In short, my review of ABH’s Contour Kit went something like this: they’re magical, immoveable, wonderful powders in the completely wrong colour. Pale girl problems. So as I saw the Artist Palette, a stunning collection of neutrals and brights, I knew the quality would be top-notch, and now the colours were perfect – I had to have it.

When the package first arrived, being totally honest, I was a little liiiiiitle bit disheartened by the size of the pans. But that’s just me being greedy. Converted from US dollars, this palette costs under half of those produced by Urban Decay and Too Faced, neither of which offer particularly generous amounts of each colour. So for the price (and the quality you get for that price) you can’t moan at this being on the ‘petite’ size.

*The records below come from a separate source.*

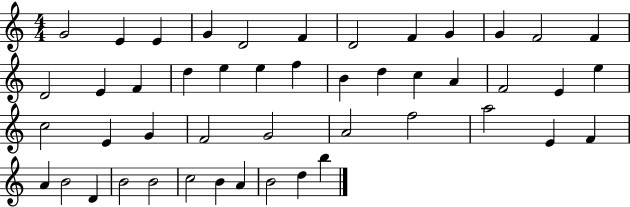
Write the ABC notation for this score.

X:1
T:Untitled
M:4/4
L:1/4
K:C
G2 E E G D2 F D2 F G G F2 F D2 E F d e e f B d c A F2 E e c2 E G F2 G2 A2 f2 a2 E F A B2 D B2 B2 c2 B A B2 d b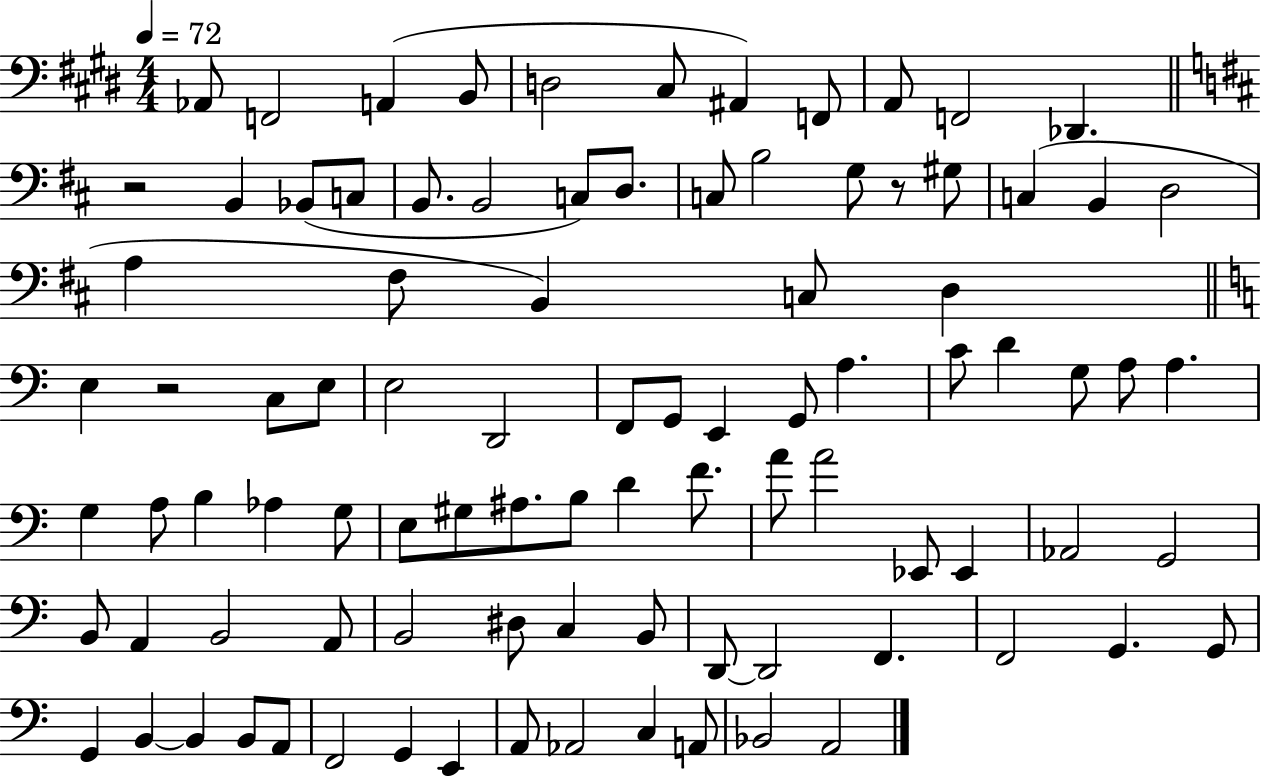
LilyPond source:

{
  \clef bass
  \numericTimeSignature
  \time 4/4
  \key e \major
  \tempo 4 = 72
  aes,8 f,2 a,4( b,8 | d2 cis8 ais,4) f,8 | a,8 f,2 des,4. | \bar "||" \break \key d \major r2 b,4 bes,8( c8 | b,8. b,2 c8) d8. | c8 b2 g8 r8 gis8 | c4( b,4 d2 | \break a4 fis8 b,4) c8 d4 | \bar "||" \break \key c \major e4 r2 c8 e8 | e2 d,2 | f,8 g,8 e,4 g,8 a4. | c'8 d'4 g8 a8 a4. | \break g4 a8 b4 aes4 g8 | e8 gis8 ais8. b8 d'4 f'8. | a'8 a'2 ees,8 ees,4 | aes,2 g,2 | \break b,8 a,4 b,2 a,8 | b,2 dis8 c4 b,8 | d,8~~ d,2 f,4. | f,2 g,4. g,8 | \break g,4 b,4~~ b,4 b,8 a,8 | f,2 g,4 e,4 | a,8 aes,2 c4 a,8 | bes,2 a,2 | \break \bar "|."
}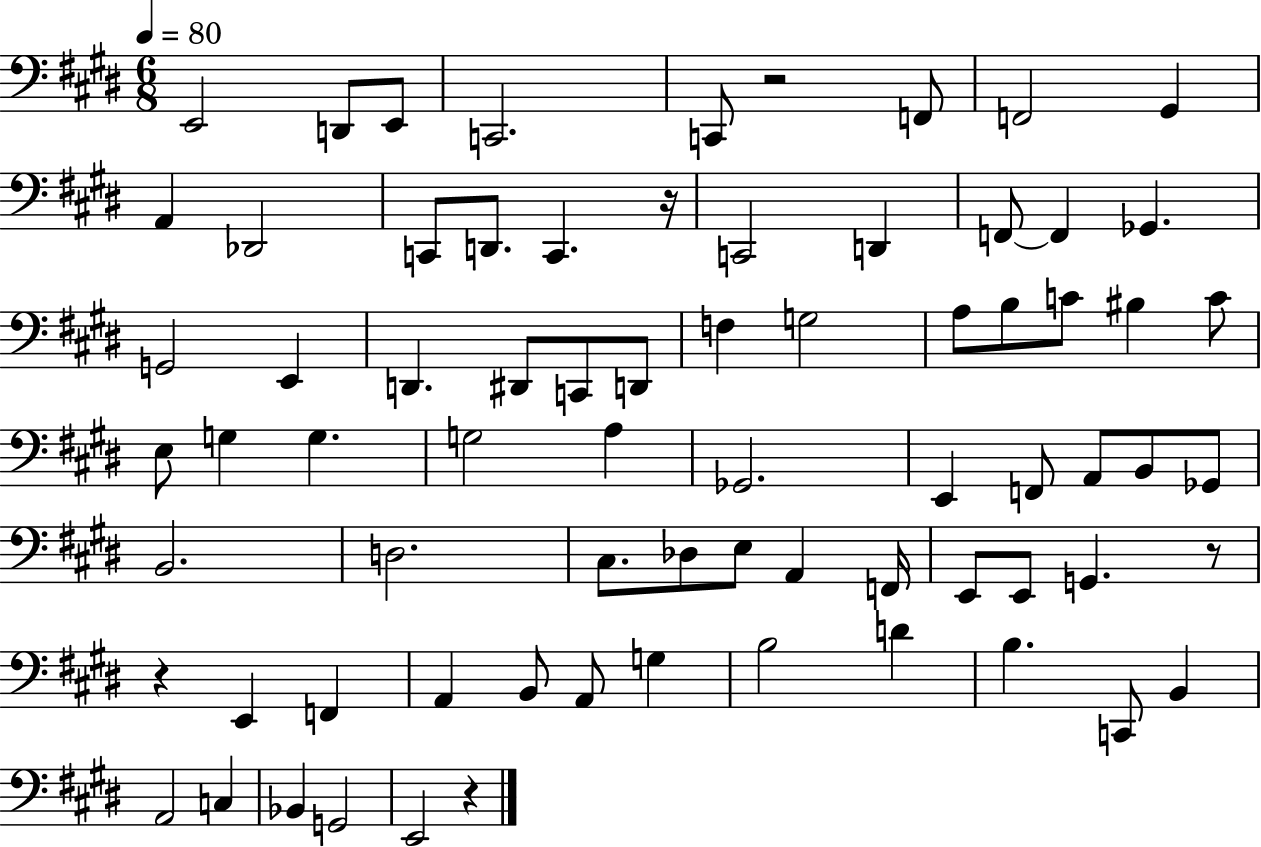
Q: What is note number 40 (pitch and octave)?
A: A2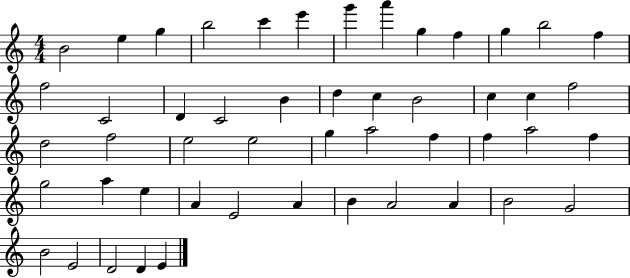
{
  \clef treble
  \numericTimeSignature
  \time 4/4
  \key c \major
  b'2 e''4 g''4 | b''2 c'''4 e'''4 | g'''4 a'''4 g''4 f''4 | g''4 b''2 f''4 | \break f''2 c'2 | d'4 c'2 b'4 | d''4 c''4 b'2 | c''4 c''4 f''2 | \break d''2 f''2 | e''2 e''2 | g''4 a''2 f''4 | f''4 a''2 f''4 | \break g''2 a''4 e''4 | a'4 e'2 a'4 | b'4 a'2 a'4 | b'2 g'2 | \break b'2 e'2 | d'2 d'4 e'4 | \bar "|."
}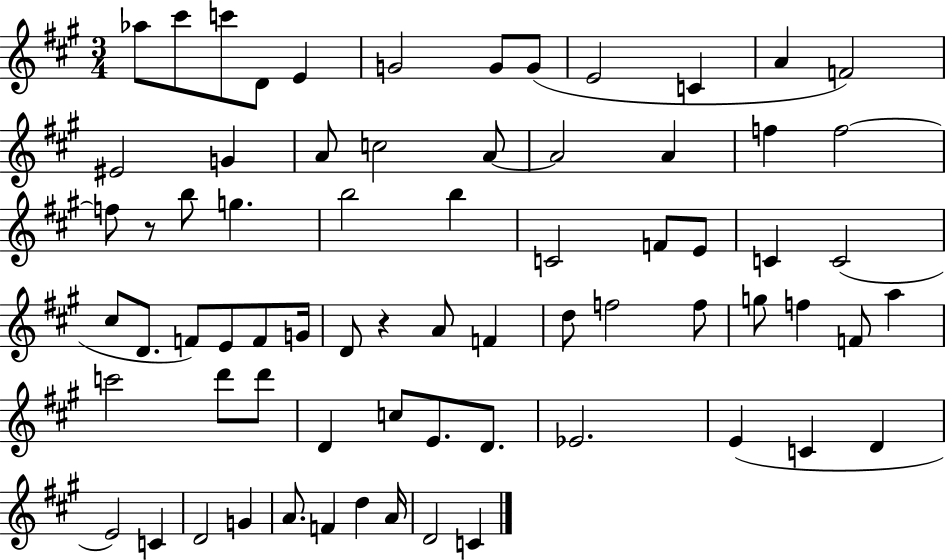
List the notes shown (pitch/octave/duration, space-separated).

Ab5/e C#6/e C6/e D4/e E4/q G4/h G4/e G4/e E4/h C4/q A4/q F4/h EIS4/h G4/q A4/e C5/h A4/e A4/h A4/q F5/q F5/h F5/e R/e B5/e G5/q. B5/h B5/q C4/h F4/e E4/e C4/q C4/h C#5/e D4/e. F4/e E4/e F4/e G4/s D4/e R/q A4/e F4/q D5/e F5/h F5/e G5/e F5/q F4/e A5/q C6/h D6/e D6/e D4/q C5/e E4/e. D4/e. Eb4/h. E4/q C4/q D4/q E4/h C4/q D4/h G4/q A4/e. F4/q D5/q A4/s D4/h C4/q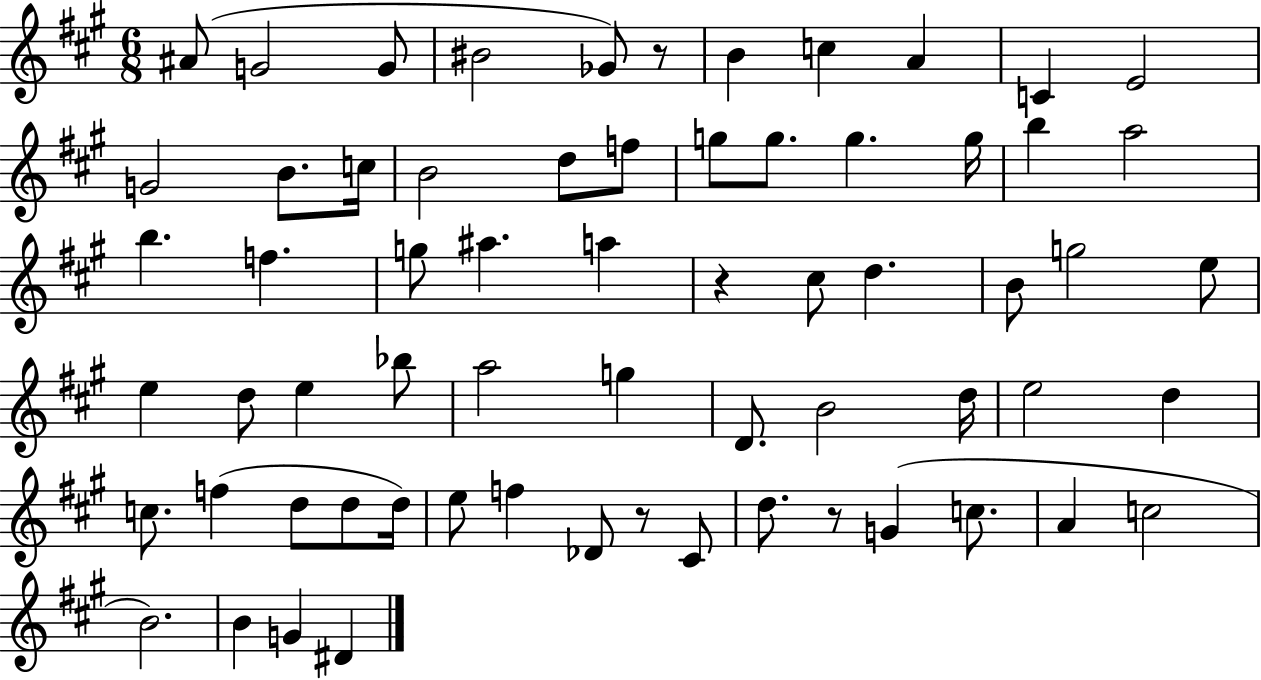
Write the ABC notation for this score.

X:1
T:Untitled
M:6/8
L:1/4
K:A
^A/2 G2 G/2 ^B2 _G/2 z/2 B c A C E2 G2 B/2 c/4 B2 d/2 f/2 g/2 g/2 g g/4 b a2 b f g/2 ^a a z ^c/2 d B/2 g2 e/2 e d/2 e _b/2 a2 g D/2 B2 d/4 e2 d c/2 f d/2 d/2 d/4 e/2 f _D/2 z/2 ^C/2 d/2 z/2 G c/2 A c2 B2 B G ^D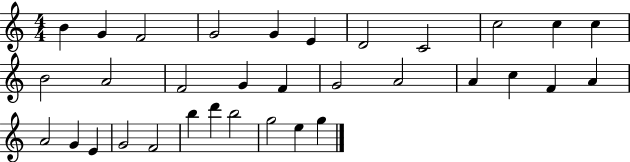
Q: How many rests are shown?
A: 0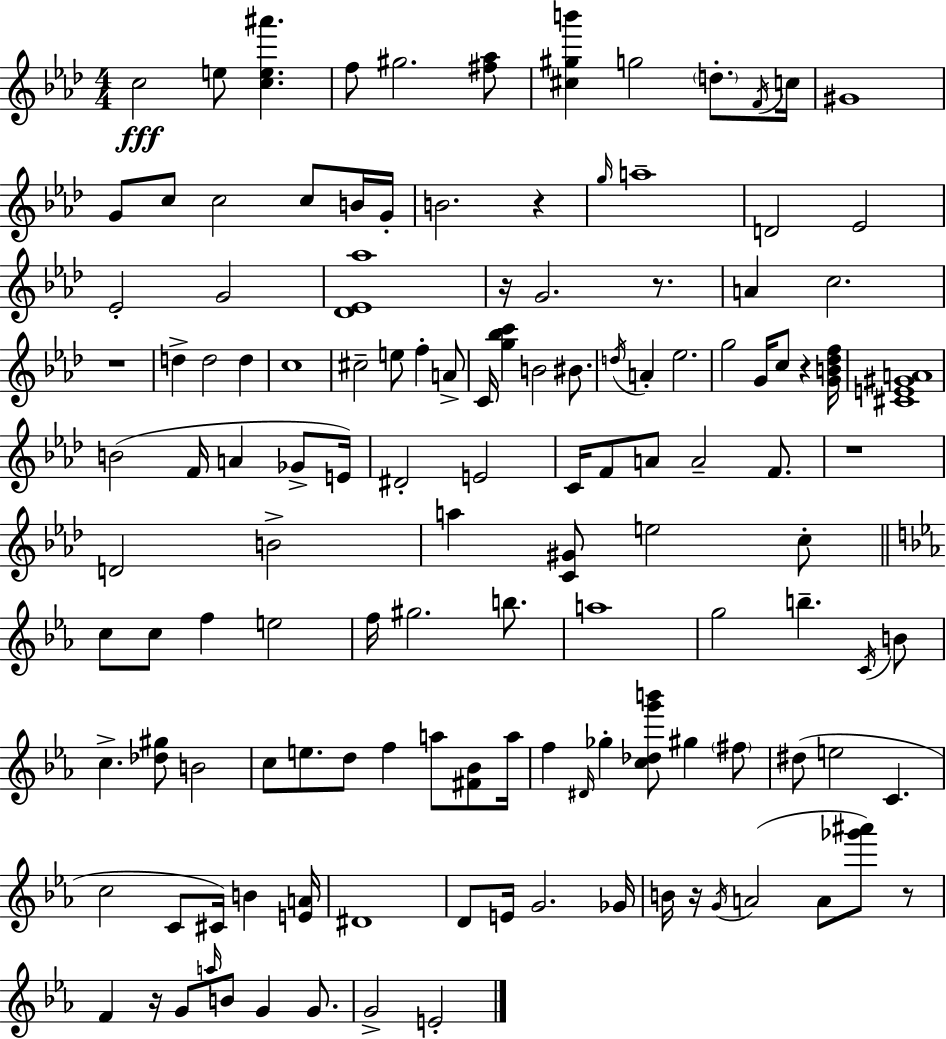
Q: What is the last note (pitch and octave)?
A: E4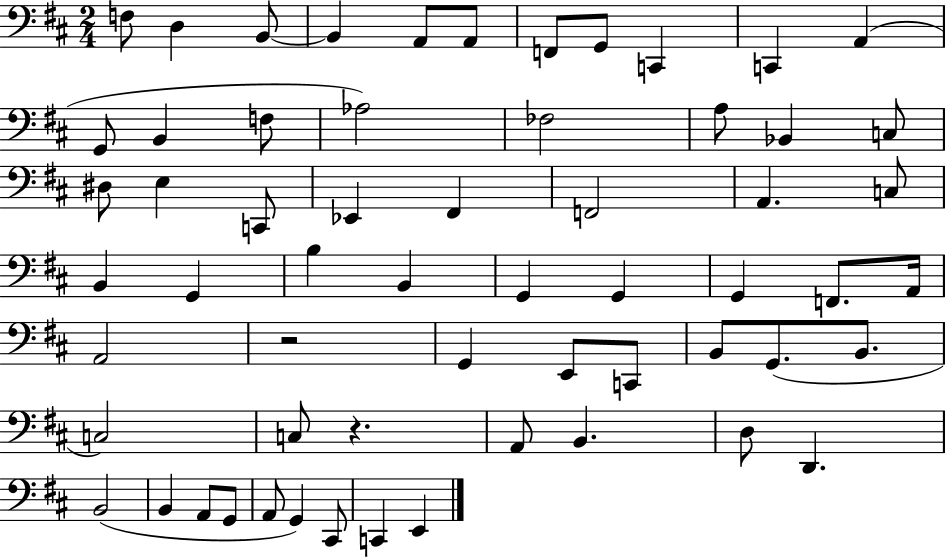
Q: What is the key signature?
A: D major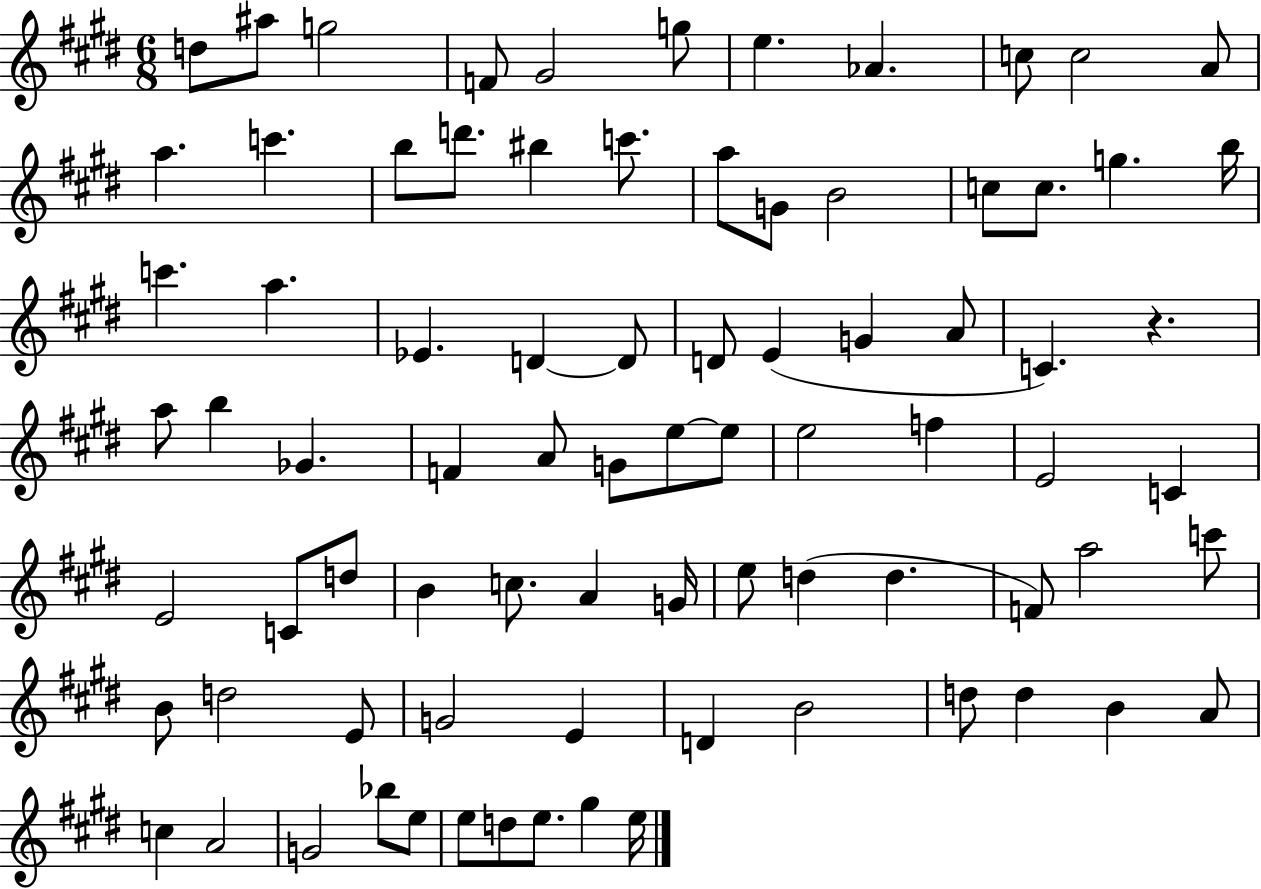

In my last review I had a little moan about the look and feel of the Contour Kit, but the Artist Palette is different. Well… not by much; it has the same stiffened board casing and magnetised closure, but there’s something sturdier about it. (I even performed the ultimate test of dropping this in the bathtub on holiday to find that no water or bubble bath had found its way inside. Surely the acid test of any magnetised clasp?) In my opinion, the casing is finished to a standard that’s better suited to the eyeshadows it contains, there’s no rough edges, no dents , tears or scuffs. And while the Contour Kit went for the ultra-sophisticated all-black colour scheme, the Artist Palette is decorated with flashes of bright colour as a hint to what’s inside.

Open up the lid and you’ll find 12 beautiful shades ranging from a dusty mauve-pink to a bright, warm yellow. Ordering this palette online, it’s difficult to see the shades clearly; yes, there’s a blue, a green, an orange and a pink, but they’re more complex and dimensional than that.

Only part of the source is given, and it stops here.